======== The data

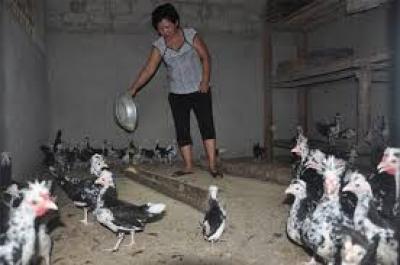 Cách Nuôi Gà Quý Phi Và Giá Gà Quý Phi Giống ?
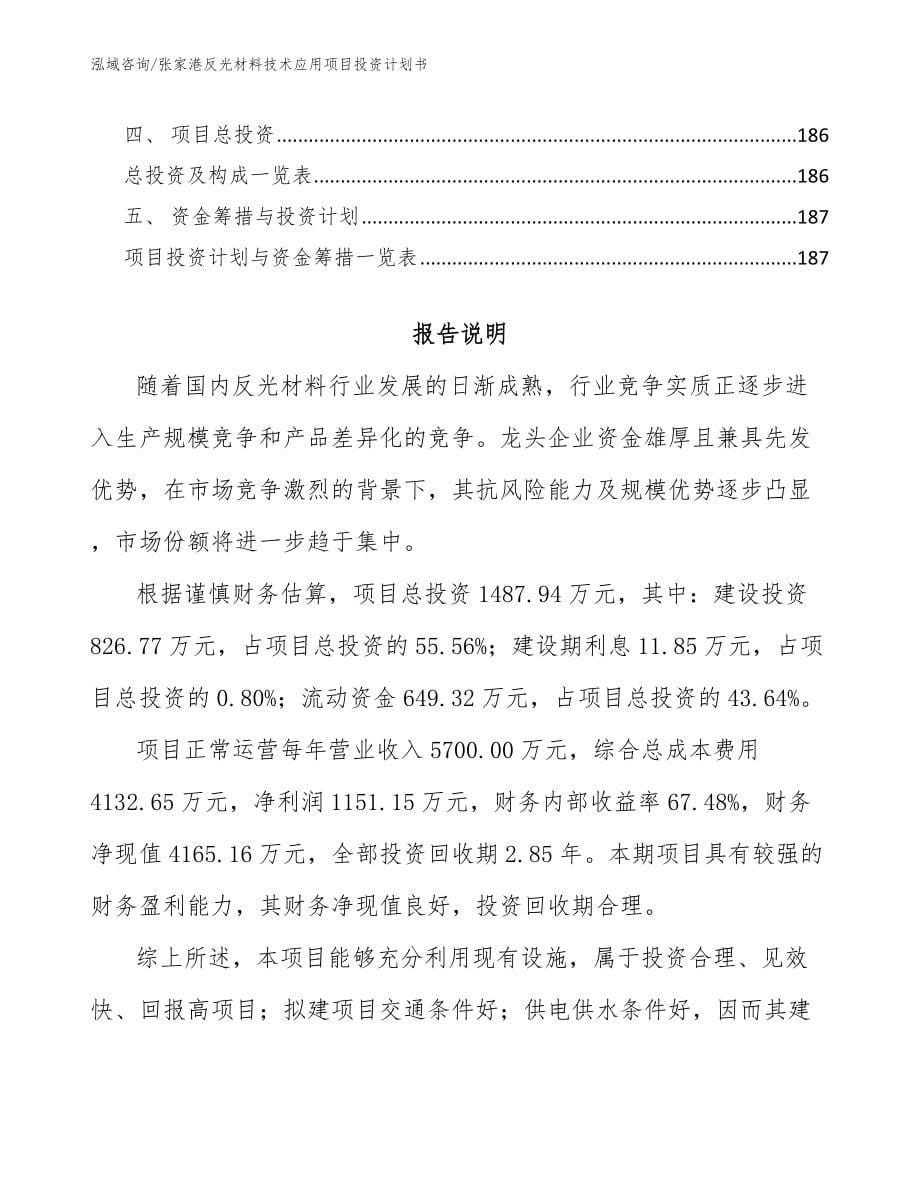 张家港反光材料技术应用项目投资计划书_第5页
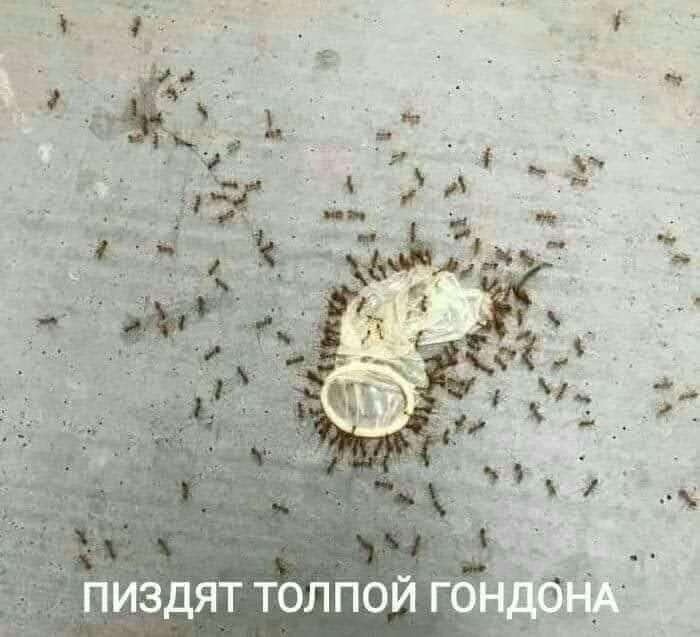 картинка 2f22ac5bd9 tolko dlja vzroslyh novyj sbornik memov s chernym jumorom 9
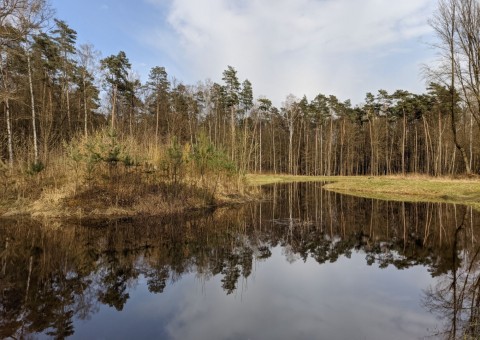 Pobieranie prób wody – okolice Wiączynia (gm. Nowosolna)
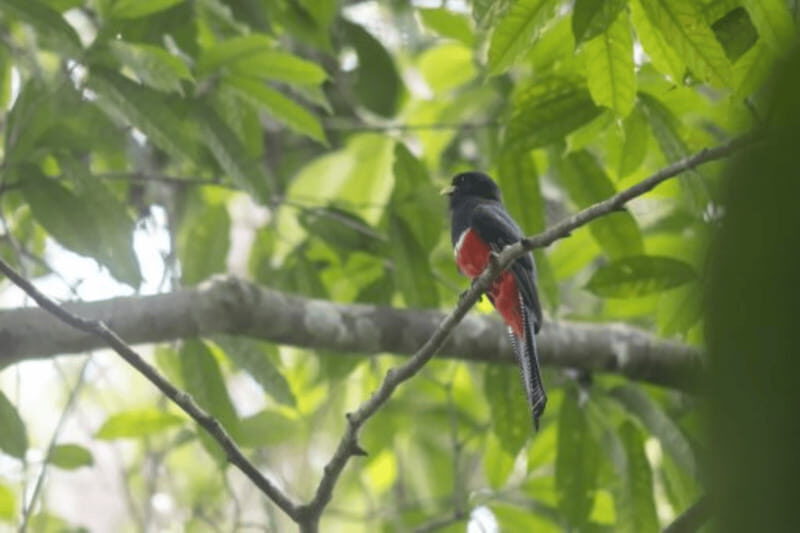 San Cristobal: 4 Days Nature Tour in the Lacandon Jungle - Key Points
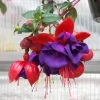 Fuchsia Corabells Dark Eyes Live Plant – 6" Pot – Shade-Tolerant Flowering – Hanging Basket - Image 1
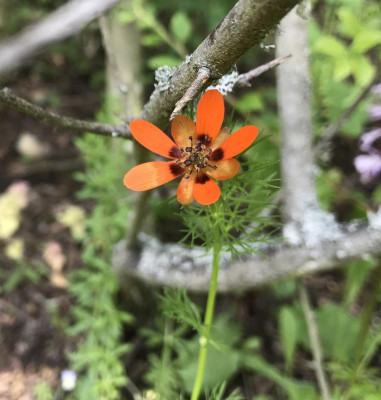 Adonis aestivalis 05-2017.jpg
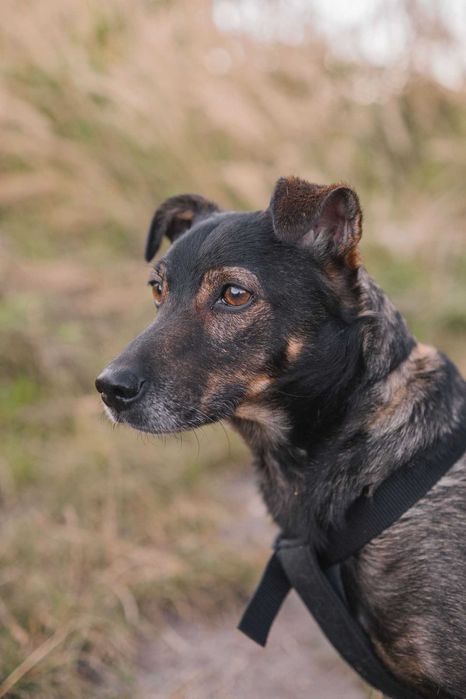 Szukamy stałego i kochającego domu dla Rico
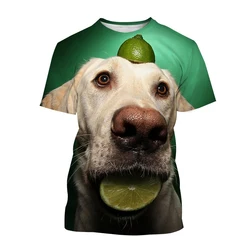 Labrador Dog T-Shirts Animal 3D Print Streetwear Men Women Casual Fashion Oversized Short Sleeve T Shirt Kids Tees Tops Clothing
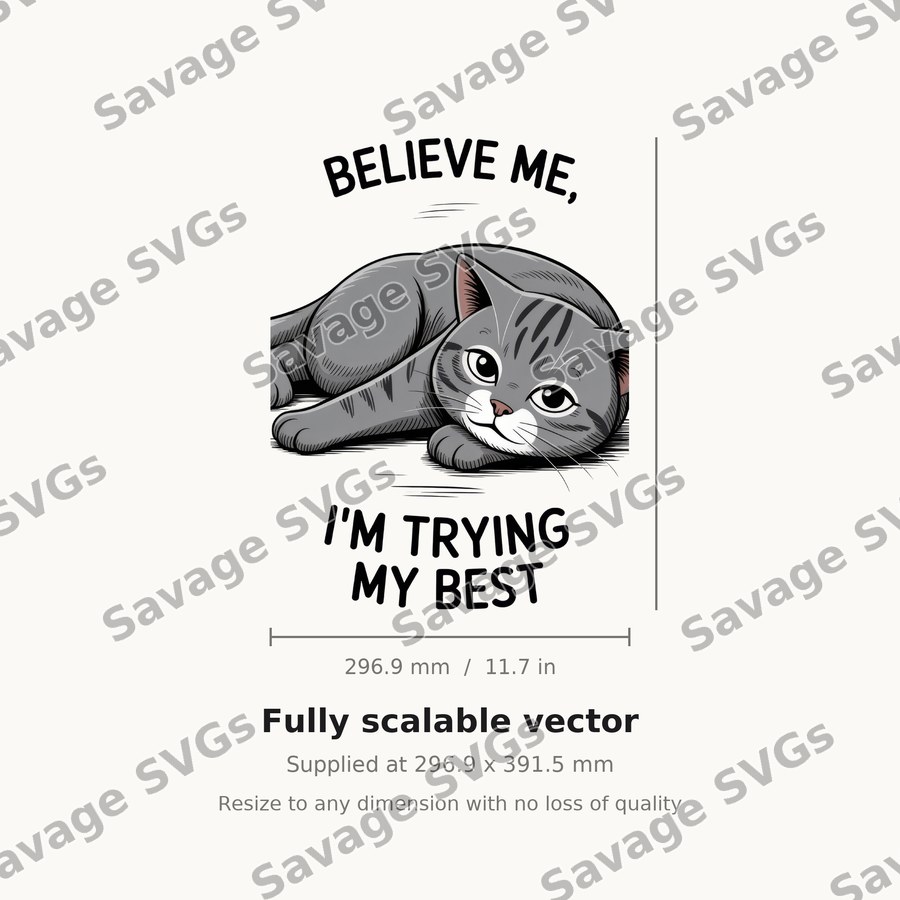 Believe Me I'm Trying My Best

================
======== The data

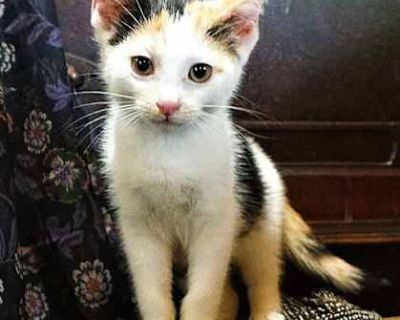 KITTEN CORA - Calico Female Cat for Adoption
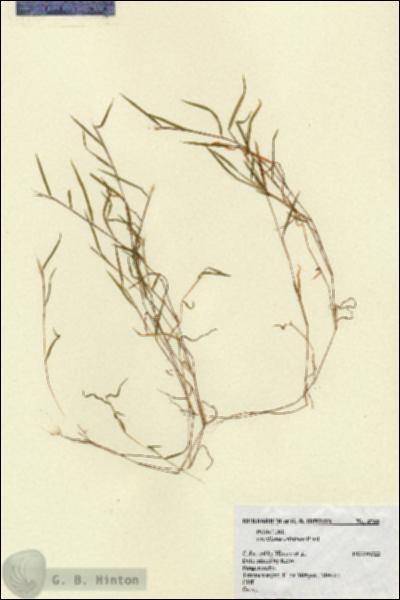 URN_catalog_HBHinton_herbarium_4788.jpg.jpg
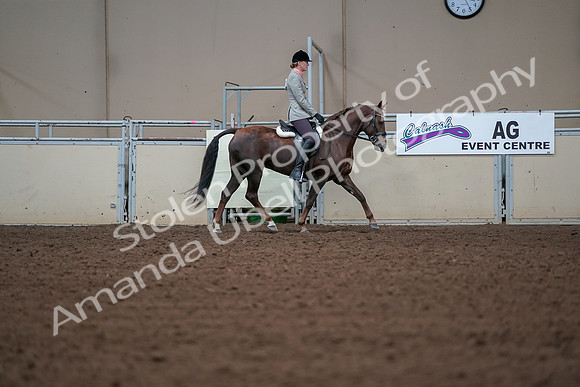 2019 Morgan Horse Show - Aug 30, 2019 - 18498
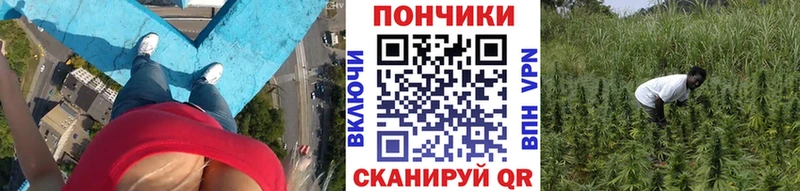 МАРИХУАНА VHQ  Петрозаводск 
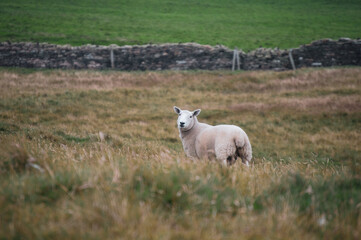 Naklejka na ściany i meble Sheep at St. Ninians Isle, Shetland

================

Both the line above containing "Cách Nuôi Gà" and the line containing "Believe Me I'm Trying My Best" belong in the copy, along with every line between them; print these exactly and omit the pictures.

[Answer box]
 Cách Nuôi Gà Quý Phi Và Giá Gà Quý Phi Giống ?
 张家港反光材料技术应用项目投资计划书_第5页
 картинка 2f22ac5bd9 tolko dlja vzroslyh novyj sbornik memov s chernym jumorom 9
 Pobieranie prób wody – okolice Wiączynia (gm. Nowosolna)
 San Cristobal: 4 Days Nature Tour in the Lacandon Jungle - Key Points
 Fuchsia Corabells Dark Eyes Live Plant – 6" Pot – Shade-Tolerant Flowering – Hanging Basket - Image 1
 Adonis aestivalis 05-2017.jpg
 Szukamy stałego i kochającego domu dla Rico
 Labrador Dog T-Shirts Animal 3D Print Streetwear Men Women Casual Fashion Oversized Short Sleeve T Shirt Kids Tees Tops Clothing
 Believe Me I'm Trying My Best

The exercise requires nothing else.